Ce qui rend Vázquez significative, c'est sa proximité avec la machinerie de survie. Elle apparaît dans la catastrophe non pas comme une administratrice distante ou une fonctionnaire publique symbolique, mais comme faisant partie du réseau d'urgence qui est resté physiquement présent lorsque l'appareil d'État plus large s'est fracturé. Dans l'après-Maria, les personnes qui pouvaient encore fournir des soins étaient souvent celles déjà intégrées dans l'infrastructure médicale fragile de l'île, improvisant avec un carburant limité, des communications limitées, et des informations incomplètes sur l'emplacement des cas les plus urgents. Lorsque le réseau électrique s'est effondré, le système médical est devenu une série d'enclaves isolées, chacune luttant pour maintenir l'oxygène, la réfrigération, les dossiers et le transport en fonctionnement suffisamment longtemps pour sauver une vie.

Le fardeau psychologique de ce rôle est facile à réduire à des éloges génériques, mais sa réalité était plus dure. Un intervenant dans cet environnement devait prendre des décisions qui étaient médicalement nécessaires et moralement pénalisantes : qui pouvait attendre, qui ne pouvait pas, quel patient pouvait être atteint, quel quartier pouvait être vérifié, quelle livraison de fournitures pouvait échouer. L'image publique du travailleur d'urgence est souvent celle d'une autorité calme ; la vérité privée est plus proche du triage moral, où faire une chose signifiait laisser une autre inachevée. Cette contradiction est centrale à la place de Vázquez dans l'histoire. Elle représente les soins, mais les soins en catastrophe sont indissociables de l'omission, de la connaissance que chaque vie sauvée se tient à côté d'une autre vie qui a peut-être échappé à la portée de l'intervenant.

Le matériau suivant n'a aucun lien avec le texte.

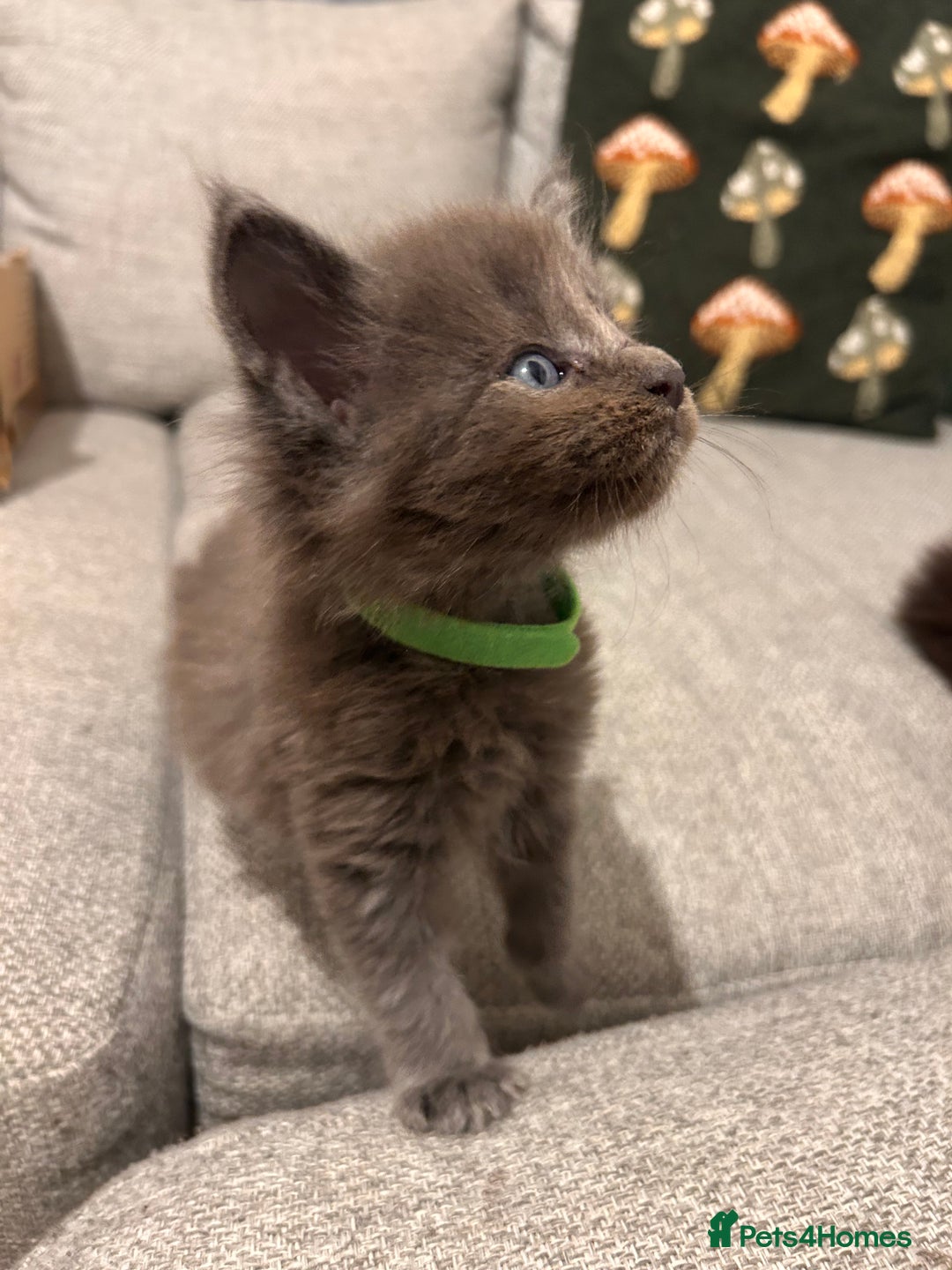 Maine Coon cats for sale: Halloween babies 🎃🐈‍⬛ 2 girls left - Advert 18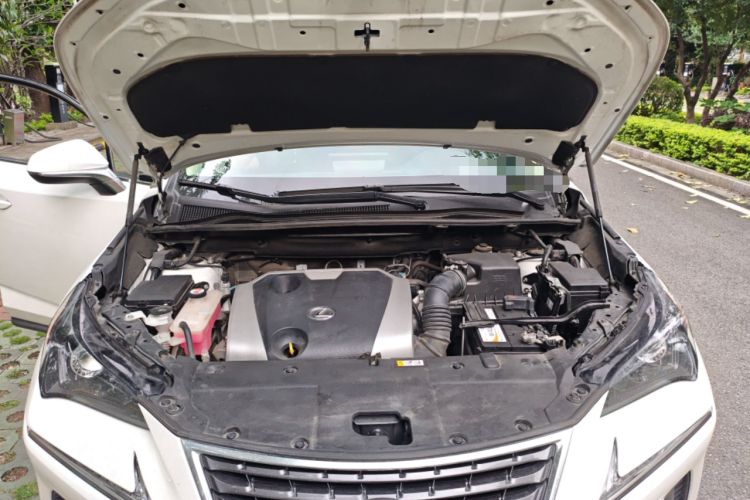 Used Lexus NX 2020 200 Front-Wheel Drive Freeline Edition China VI Standard Engine Bay
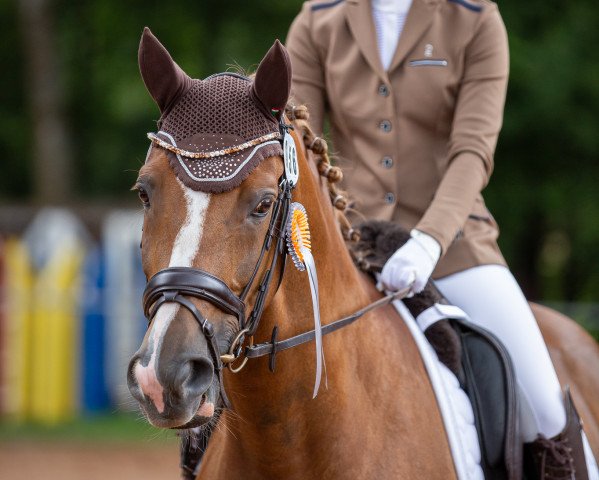 dressage horse Valentiano LB (Hanoverian, 2010, from Valentino)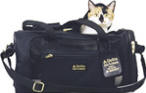 airline approved cat carrier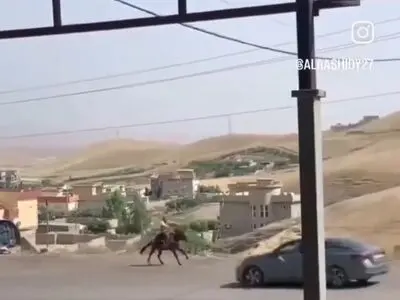 تصادف اسب با ماشین در کردستان + فیلم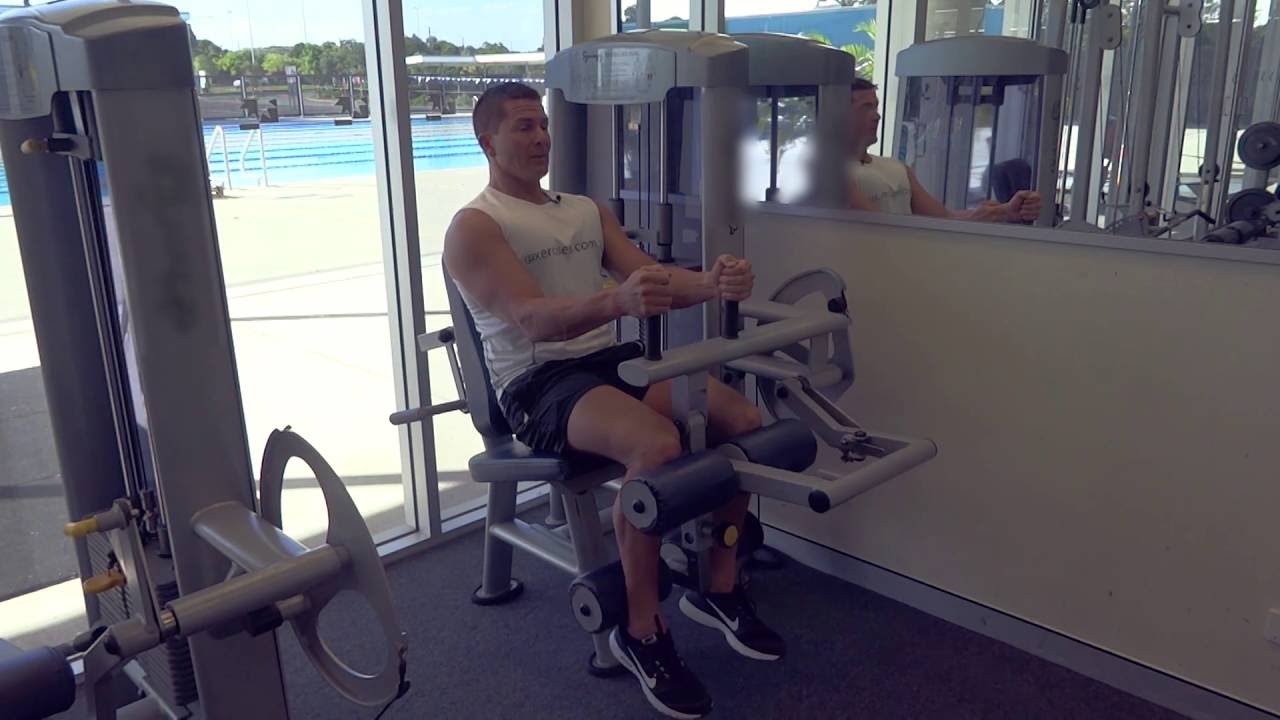 Hamstring Exercises (Exercises.com.au) workouts traduccion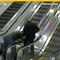 Mujer cae en escaleras de aeropuerto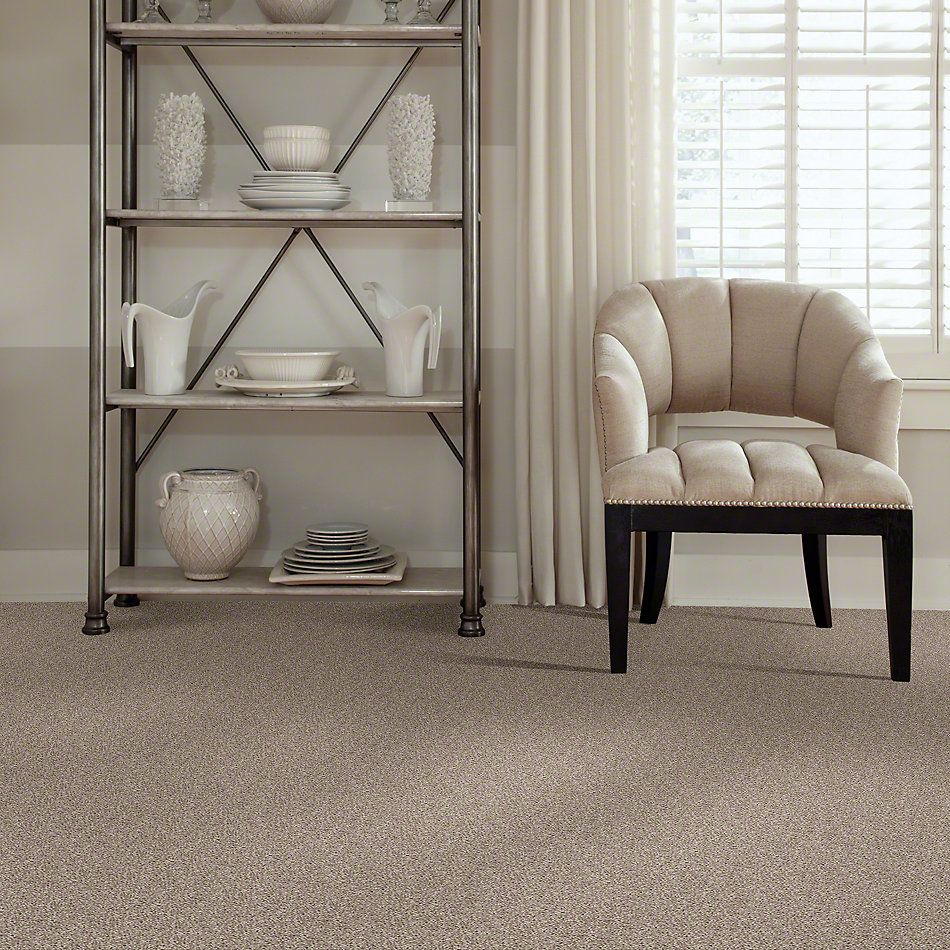 Shaw Floors Value Collections Go Big Net Glimmer 00501_E0718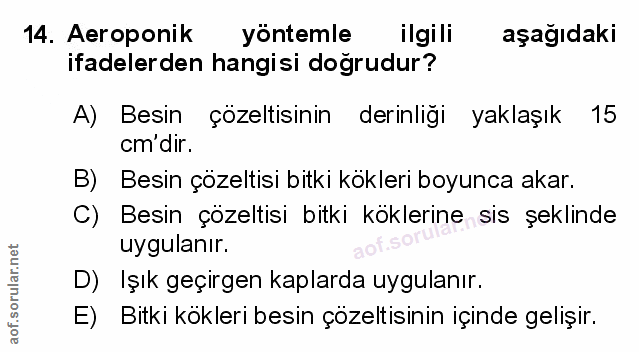 Soru 14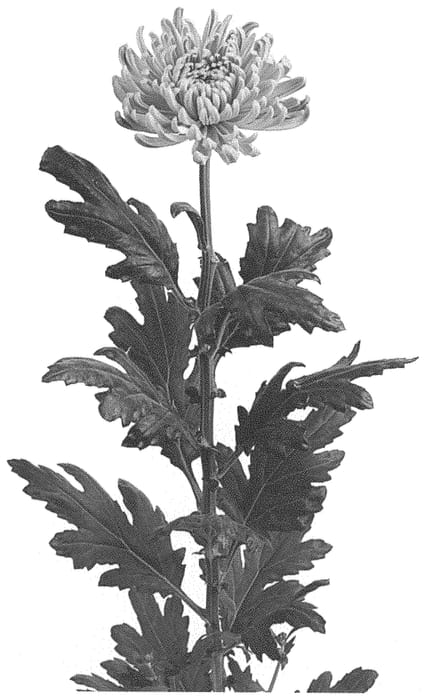 Figure 1 of US plant patent PP33852, the photograph of DLFROSC10 printed in the patent.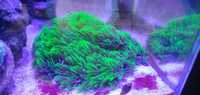 Briareum green fluo, akwarium morskie koralowiec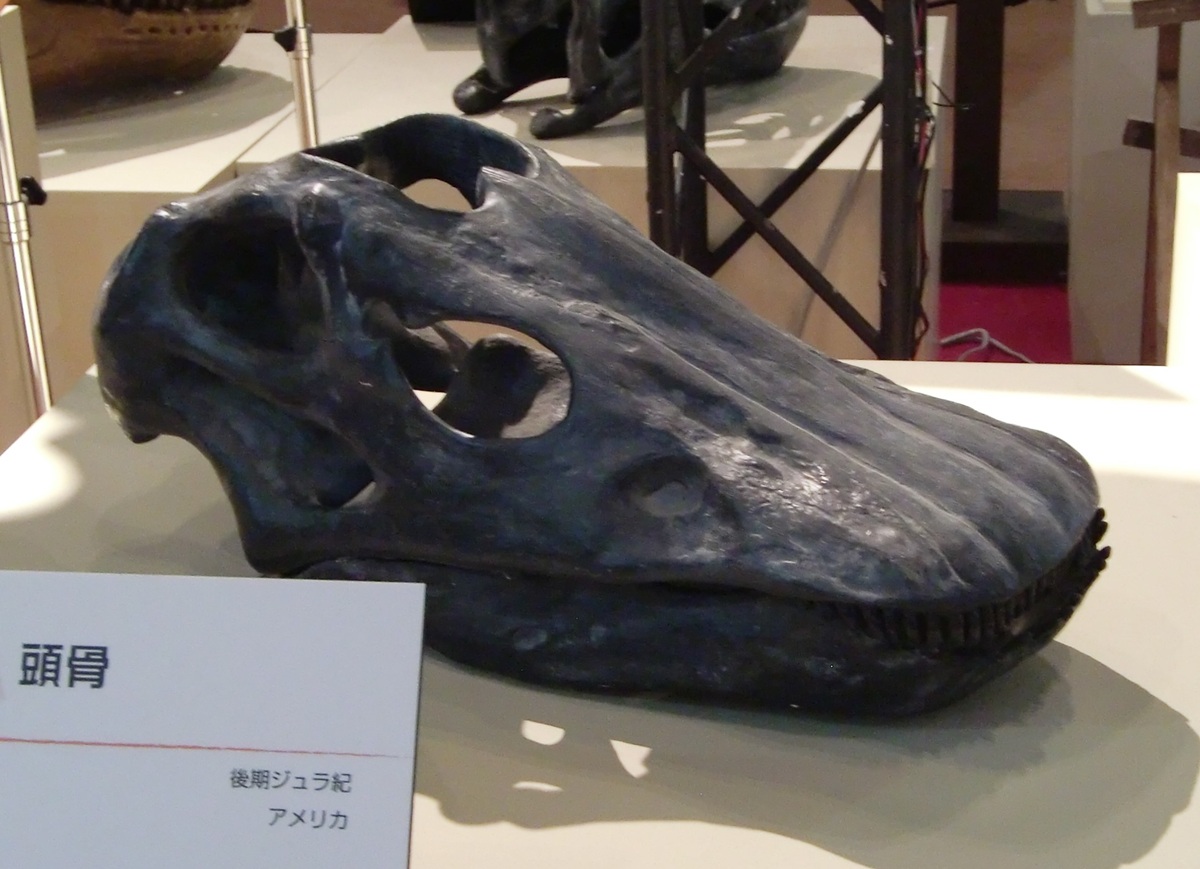 kta92751434's tweet photo. ディプロドクス類大好き
#Amargasaurus #アマルガサウルス
#Brontosaurus #ブロントサウルス
#Diplodocus #ディプロドクス
#Nigersaurus #ニジェールサウルス
なかなかディプロドクス類の全身って展示されない上に、細長くて写真撮りにくいのよ https://t.co/uy5BKbIPBo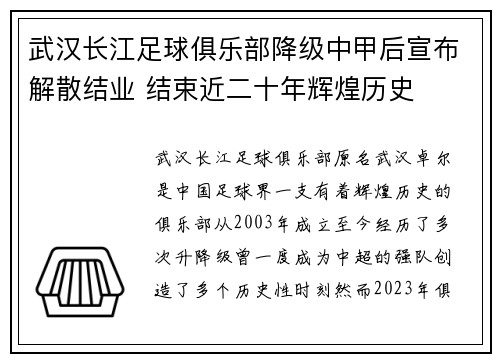 武汉长江足球俱乐部降级中甲后宣布解散结业 结束近二十年辉煌历史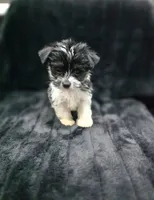 Cooper , a male Yorkshire Terrier and Morkie for sale in Ocala, FL – 8 of 9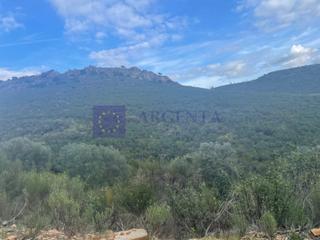 Casa a Aliseda. Finca cinegética de unas 300 hectáreas en la zona de alcántara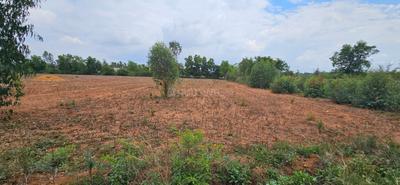Royal sky properties Plot View 2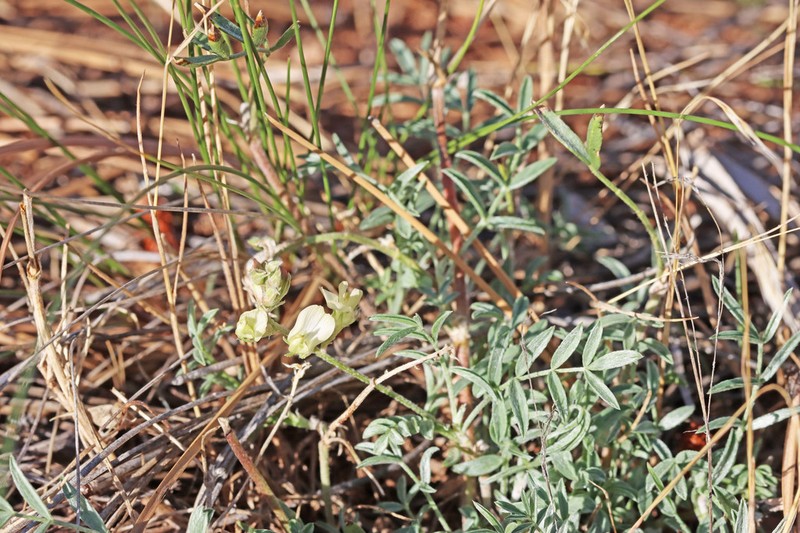 Groundcover Milkvetch photo 7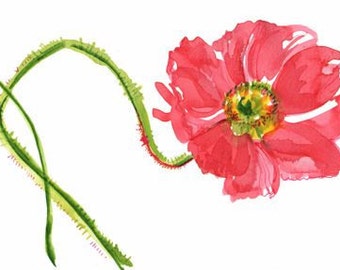 Curtsy Poppy - original painting
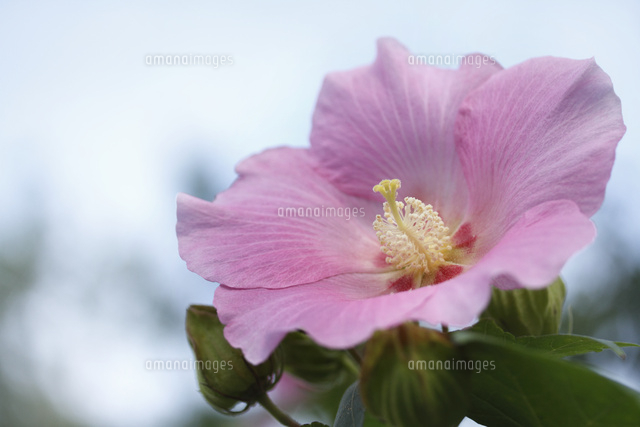 フヨウ
(c)Tetsuya Tanooka/a.collectionRF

Son travail aide également à expliquer pourquoi le bilan des décès après Maria a émergé seulement progressivement. De nombreuses victimes n'étaient pas des victimes de traumatismes immédiats mais des personnes dont le traitement continu a été interrompu par les conséquences de la tempête. En ce sens, des intervenants comme Vázquez ne traitaient pas simplement des blessures causées par l'ouragan ; ils tentaient de prévenir une catastrophe secondaire créée par l'effondrement systémique. Le coût de ce travail a été supporté par les patients, les familles et les intervenants eux-mêmes. Pour les patients, le coût était le retard, la douleur, et parfois la mort de conditions qui auraient dû être gérables. Pour les intervenants, le coût était un stress prolongé, une épuisement physique, et le fardeau de témoigner d'un déclin évitable tout en ayant trop peu d'outils pour l'arrêter.

Née à Porto Rico, Vázquez représente la continuité humaine des soins dans un environnement perturbé. Elle est importante non pas en tant que figure de célébrité unique, mais comme partie du travail de première ligne qui a empêché la catastrophe de devenir encore pire. Dans l'histoire de Maria, les sauveteurs étaient mesurés non par le drame mais par la persistance, et la persistance dans ce contexte était sa propre forme de chagrin.